Burbank bike riders will meet on Keystone and Chandler at 9:00 am Sunday to ride to CicLAvia’s starting point at the Metro Redline Station on Chandler at Lankershim. Everyone is welcome to join Walk Bike Burbank, Representative Adam Schiff and Council woman Emily Gabel-Luddy, Walk Bike Glendale and others in celebrating active transportation in Burbank and Glendale along the way to CicLAvia.
Over the course of just one day, CicLAvia – The Valley provides us a glimpse of a new North Hollywood and Studio City transformed from normally car-dominant places into colorful arteries of community, people and activity.
But for the other 364 days out of the year, Los Angeles County tells its own unique active transportation story with its latest transportation statistics:
Nearly one in five, or 19 percent of all trips made in Los Angeles County, are completed on foot or by bicycle, 34 percent of Los Angeles County students walk and bicycle to school, as compared to the national average of only 10 percent who walk and bike to school.

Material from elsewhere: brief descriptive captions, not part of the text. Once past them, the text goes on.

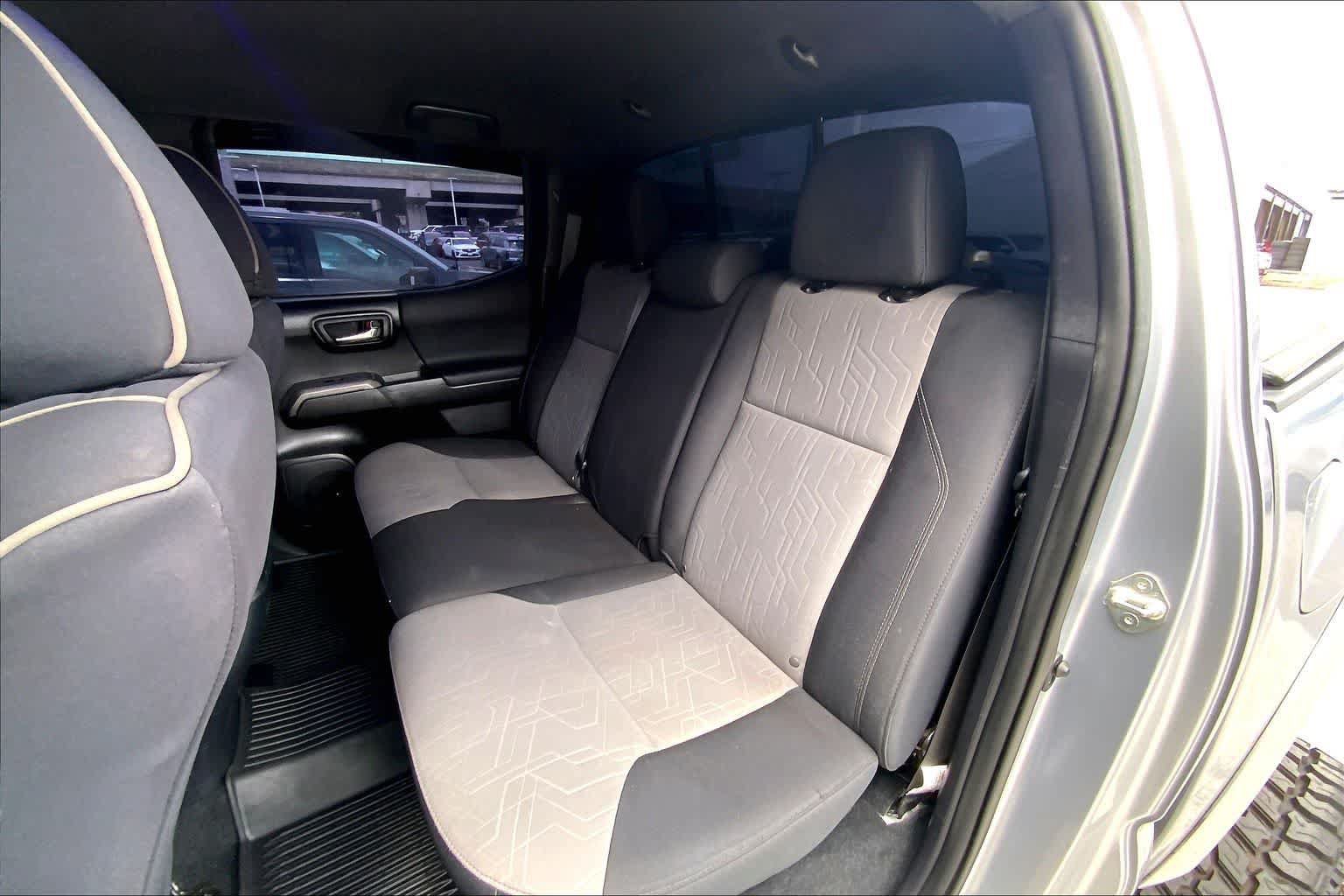 Used 2020 Toyota Tacoma 2WD Double Cab image 29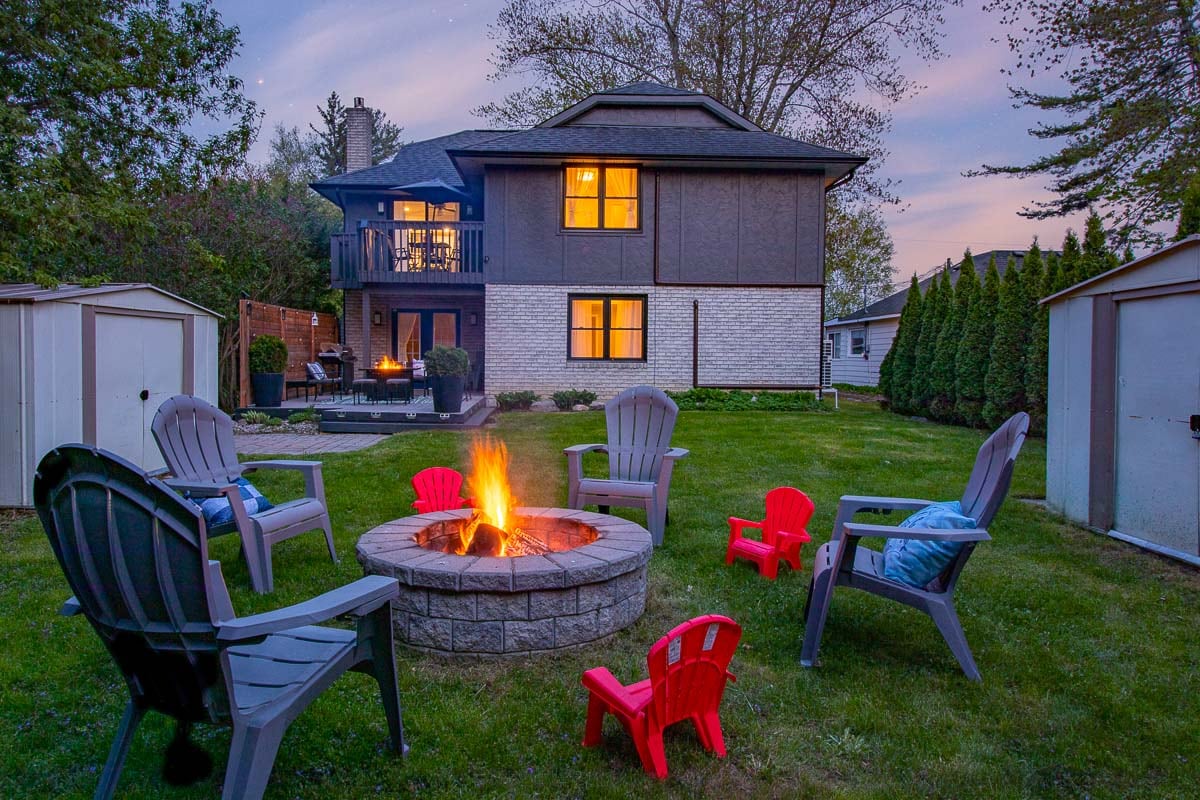 Lake View Haven Cottage W/Hot Tub - Steps to Beach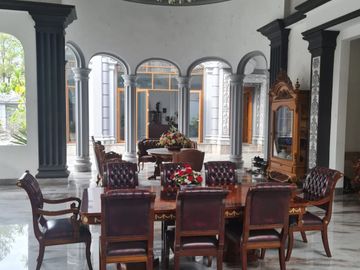 DIJUAL CEPAT RUMAH VILLA MEWAH DI LINGKUNGAN ELIT BUKIT SENTUL BOGOR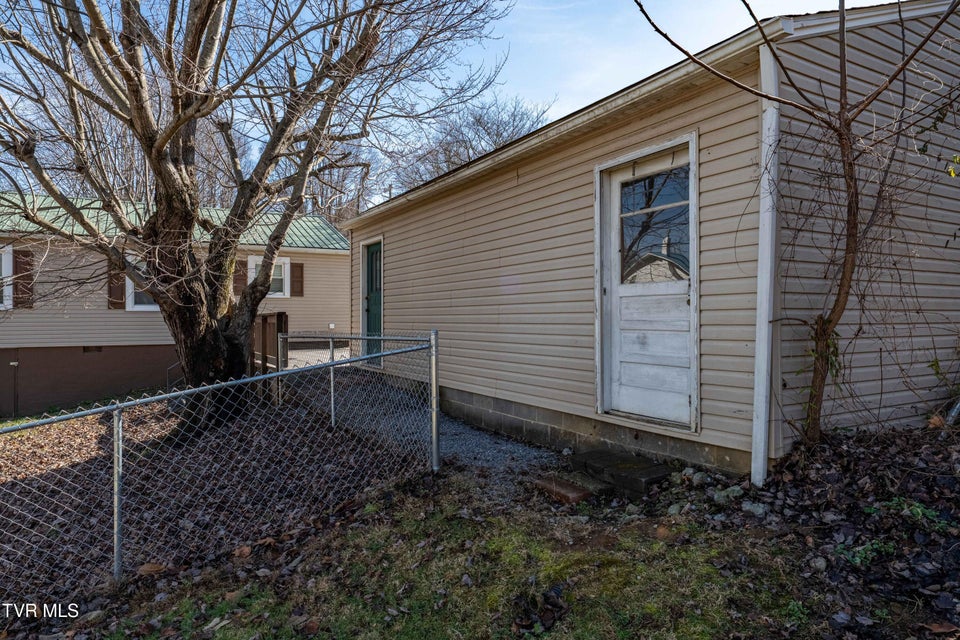 Photo #19: 1203 Barton Street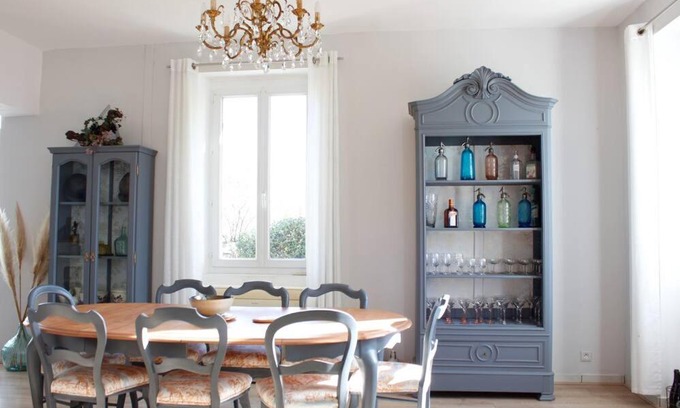 Chalonnes-sur-Loire House | Explore a Vineyard Retreat with Pool and Ocean Views
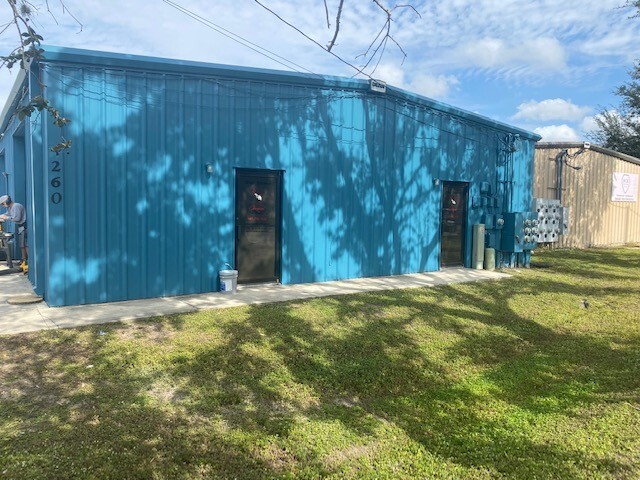 More Photos Of 4260 James St, Port Charlotte Warehouse For Lease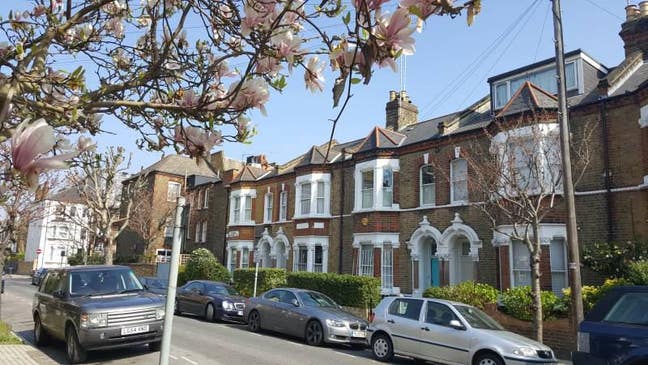 Top Bedroom in Victorian House next to Batters Main Photo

Very few sources of money beyond Measure R sales tax returns are available locally to cities for active transportation and infrastructure improvements. Creating significant and lasting improvements for walking and biking in Los Angeles County requires sturdy political commitment on the part of local politicians.
Pockets of local resistance and lack of strong political will to support safer walking and biking improvements are the competing obstacles to making these modes of transportation true mobility options, as is the case currently for Burbank.
Open-streets events such as CicLAvia help residents start envisioning a better city with transportation options that provide fundamental and safe mobility access when accompanied by the municipal infrastructure that creates people-friendly streets.
CicLAvia succeeds in demonstrating that a city’s focus on the right pieces of its infrastructure can make bicycling and walking viable and healthy transportation alternatives – and as an alternative to simply adding more cars to the streets – even in the San Fernando Valley!
Experience the Valley as you’ve never seen it before! Dust off your old bike and bring it to the Burbank Farmers’ Market Community tent Saturday, March 21 from 8:00 am to 12:30 pm for a free bicycle safety check. Get you and your bike safely on the road and experience the first CicLAvia in the Valley.